● **YOUR GOAL**: Transcribe exactly the lines that fall between the one holding "Katil İsrail Gazze'de" and the one holding "Men's Quilted Hooded", inclusive, from the entries below.

(Extracted data entries)
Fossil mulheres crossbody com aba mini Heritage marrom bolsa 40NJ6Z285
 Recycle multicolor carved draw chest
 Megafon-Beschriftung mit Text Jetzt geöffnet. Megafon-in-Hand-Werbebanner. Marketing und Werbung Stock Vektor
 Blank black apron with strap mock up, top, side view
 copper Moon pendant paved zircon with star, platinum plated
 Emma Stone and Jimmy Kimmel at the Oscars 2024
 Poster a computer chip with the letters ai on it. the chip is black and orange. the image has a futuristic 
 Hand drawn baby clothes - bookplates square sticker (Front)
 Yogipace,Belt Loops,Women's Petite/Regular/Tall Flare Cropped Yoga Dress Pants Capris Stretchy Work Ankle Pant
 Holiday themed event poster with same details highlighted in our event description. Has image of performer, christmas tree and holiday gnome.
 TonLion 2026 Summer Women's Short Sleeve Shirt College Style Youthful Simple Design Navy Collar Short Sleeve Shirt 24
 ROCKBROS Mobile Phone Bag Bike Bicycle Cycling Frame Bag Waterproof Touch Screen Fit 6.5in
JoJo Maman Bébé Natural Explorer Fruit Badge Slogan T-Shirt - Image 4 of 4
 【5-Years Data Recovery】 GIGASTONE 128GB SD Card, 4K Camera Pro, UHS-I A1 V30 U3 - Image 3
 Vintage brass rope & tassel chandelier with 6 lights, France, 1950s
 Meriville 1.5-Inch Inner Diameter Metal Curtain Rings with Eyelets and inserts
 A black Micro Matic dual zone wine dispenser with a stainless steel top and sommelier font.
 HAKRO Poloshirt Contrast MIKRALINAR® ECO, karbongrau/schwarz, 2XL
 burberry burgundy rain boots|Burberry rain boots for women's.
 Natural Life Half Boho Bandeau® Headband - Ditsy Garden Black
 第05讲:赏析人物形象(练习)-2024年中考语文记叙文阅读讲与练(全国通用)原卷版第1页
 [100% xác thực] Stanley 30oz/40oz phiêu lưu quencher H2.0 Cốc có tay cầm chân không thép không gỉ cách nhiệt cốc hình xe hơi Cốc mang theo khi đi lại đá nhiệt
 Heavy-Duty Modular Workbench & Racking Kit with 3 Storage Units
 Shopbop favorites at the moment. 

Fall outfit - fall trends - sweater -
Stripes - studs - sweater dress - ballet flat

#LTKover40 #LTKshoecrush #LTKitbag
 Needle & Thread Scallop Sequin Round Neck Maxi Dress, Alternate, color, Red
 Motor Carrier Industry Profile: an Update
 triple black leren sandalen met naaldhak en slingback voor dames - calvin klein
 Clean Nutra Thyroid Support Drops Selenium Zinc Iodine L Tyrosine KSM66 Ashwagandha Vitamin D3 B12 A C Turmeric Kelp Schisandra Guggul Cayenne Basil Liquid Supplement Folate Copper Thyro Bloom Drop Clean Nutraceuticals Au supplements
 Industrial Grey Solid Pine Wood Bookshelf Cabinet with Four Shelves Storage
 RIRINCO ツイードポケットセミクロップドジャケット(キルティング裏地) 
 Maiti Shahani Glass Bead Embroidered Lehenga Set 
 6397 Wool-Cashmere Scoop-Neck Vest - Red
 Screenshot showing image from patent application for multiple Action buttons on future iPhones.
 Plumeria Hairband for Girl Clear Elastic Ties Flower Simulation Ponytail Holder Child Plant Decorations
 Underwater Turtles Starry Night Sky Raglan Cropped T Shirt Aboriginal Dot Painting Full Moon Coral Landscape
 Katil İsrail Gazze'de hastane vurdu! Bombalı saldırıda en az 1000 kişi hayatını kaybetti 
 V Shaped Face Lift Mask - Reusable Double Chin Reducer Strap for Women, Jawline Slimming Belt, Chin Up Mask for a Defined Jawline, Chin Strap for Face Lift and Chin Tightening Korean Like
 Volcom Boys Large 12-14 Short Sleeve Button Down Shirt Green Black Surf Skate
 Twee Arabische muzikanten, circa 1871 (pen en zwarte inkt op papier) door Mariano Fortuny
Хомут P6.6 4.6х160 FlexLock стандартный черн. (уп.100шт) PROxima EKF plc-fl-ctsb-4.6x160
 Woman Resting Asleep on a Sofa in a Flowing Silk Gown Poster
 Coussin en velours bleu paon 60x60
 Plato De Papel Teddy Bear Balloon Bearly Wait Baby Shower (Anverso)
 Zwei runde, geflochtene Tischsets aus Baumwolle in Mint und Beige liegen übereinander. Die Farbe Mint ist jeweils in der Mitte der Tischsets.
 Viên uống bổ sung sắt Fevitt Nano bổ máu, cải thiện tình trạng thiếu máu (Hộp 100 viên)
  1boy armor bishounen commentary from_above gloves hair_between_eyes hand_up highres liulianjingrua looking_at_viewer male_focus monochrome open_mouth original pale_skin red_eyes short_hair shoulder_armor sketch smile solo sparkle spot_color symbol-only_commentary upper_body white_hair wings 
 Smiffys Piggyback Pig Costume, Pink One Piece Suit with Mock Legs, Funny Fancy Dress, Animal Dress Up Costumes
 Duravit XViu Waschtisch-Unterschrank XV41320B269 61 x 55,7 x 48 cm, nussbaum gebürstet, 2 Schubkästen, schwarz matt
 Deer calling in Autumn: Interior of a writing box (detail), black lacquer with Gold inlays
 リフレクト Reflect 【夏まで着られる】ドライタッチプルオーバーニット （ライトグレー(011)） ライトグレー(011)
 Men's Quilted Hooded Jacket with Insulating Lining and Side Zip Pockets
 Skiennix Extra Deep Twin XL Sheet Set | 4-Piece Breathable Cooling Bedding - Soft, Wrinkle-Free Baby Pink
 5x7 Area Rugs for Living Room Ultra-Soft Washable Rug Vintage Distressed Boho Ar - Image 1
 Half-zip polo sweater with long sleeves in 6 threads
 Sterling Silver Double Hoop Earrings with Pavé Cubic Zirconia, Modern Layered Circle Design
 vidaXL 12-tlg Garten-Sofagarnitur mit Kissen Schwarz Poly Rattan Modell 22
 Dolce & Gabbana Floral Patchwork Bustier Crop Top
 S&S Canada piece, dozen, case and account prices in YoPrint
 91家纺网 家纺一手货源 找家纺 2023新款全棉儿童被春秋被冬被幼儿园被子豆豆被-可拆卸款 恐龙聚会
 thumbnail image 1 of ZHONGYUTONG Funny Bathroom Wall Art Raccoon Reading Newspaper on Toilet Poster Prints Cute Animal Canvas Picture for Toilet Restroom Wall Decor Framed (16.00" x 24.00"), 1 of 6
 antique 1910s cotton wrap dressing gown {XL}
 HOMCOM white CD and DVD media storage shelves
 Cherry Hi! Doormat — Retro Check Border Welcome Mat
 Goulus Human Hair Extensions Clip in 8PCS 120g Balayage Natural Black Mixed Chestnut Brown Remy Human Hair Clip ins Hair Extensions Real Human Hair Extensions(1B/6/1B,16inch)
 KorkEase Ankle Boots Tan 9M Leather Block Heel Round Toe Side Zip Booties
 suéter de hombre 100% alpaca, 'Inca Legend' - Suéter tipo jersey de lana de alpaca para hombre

● **OUTPUT**:
 Katil İsrail Gazze'de hastane vurdu! Bombalı saldırıda en az 1000 kişi hayatını kaybetti 
 V Shaped Face Lift Mask - Reusable Double Chin Reducer Strap for Women, Jawline Slimming Belt, Chin Up Mask for a Defined Jawline, Chin Strap for Face Lift and Chin Tightening Korean Like
 Volcom Boys Large 12-14 Short Sleeve Button Down Shirt Green Black Surf Skate
 Twee Arabische muzikanten, circa 1871 (pen en zwarte inkt op papier) door Mariano Fortuny
Хомут P6.6 4.6х160 FlexLock стандартный черн. (уп.100шт) PROxima EKF plc-fl-ctsb-4.6x160
 Woman Resting Asleep on a Sofa in a Flowing Silk Gown Poster
 Coussin en velours bleu paon 60x60
 Plato De Papel Teddy Bear Balloon Bearly Wait Baby Shower (Anverso)
 Zwei runde, geflochtene Tischsets aus Baumwolle in Mint und Beige liegen übereinander. Die Farbe Mint ist jeweils in der Mitte der Tischsets.
 Viên uống bổ sung sắt Fevitt Nano bổ máu, cải thiện tình trạng thiếu máu (Hộp 100 viên)
  1boy armor bishounen commentary from_above gloves hair_between_eyes hand_up highres liulianjingrua looking_at_viewer male_focus monochrome open_mouth original pale_skin red_eyes short_hair shoulder_armor sketch smile solo sparkle spot_color symbol-only_commentary upper_body white_hair wings 
 Smiffys Piggyback Pig Costume, Pink One Piece Suit with Mock Legs, Funny Fancy Dress, Animal Dress Up Costumes
 Duravit XViu Waschtisch-Unterschrank XV41320B269 61 x 55,7 x 48 cm, nussbaum gebürstet, 2 Schubkästen, schwarz matt
 Deer calling in Autumn: Interior of a writing box (detail), black lacquer with Gold inlays
 リフレクト Reflect 【夏まで着られる】ドライタッチプルオーバーニット （ライトグレー(011)） ライトグレー(011)
 Men's Quilted Hooded Jacket with Insulating Lining and Side Zip Pockets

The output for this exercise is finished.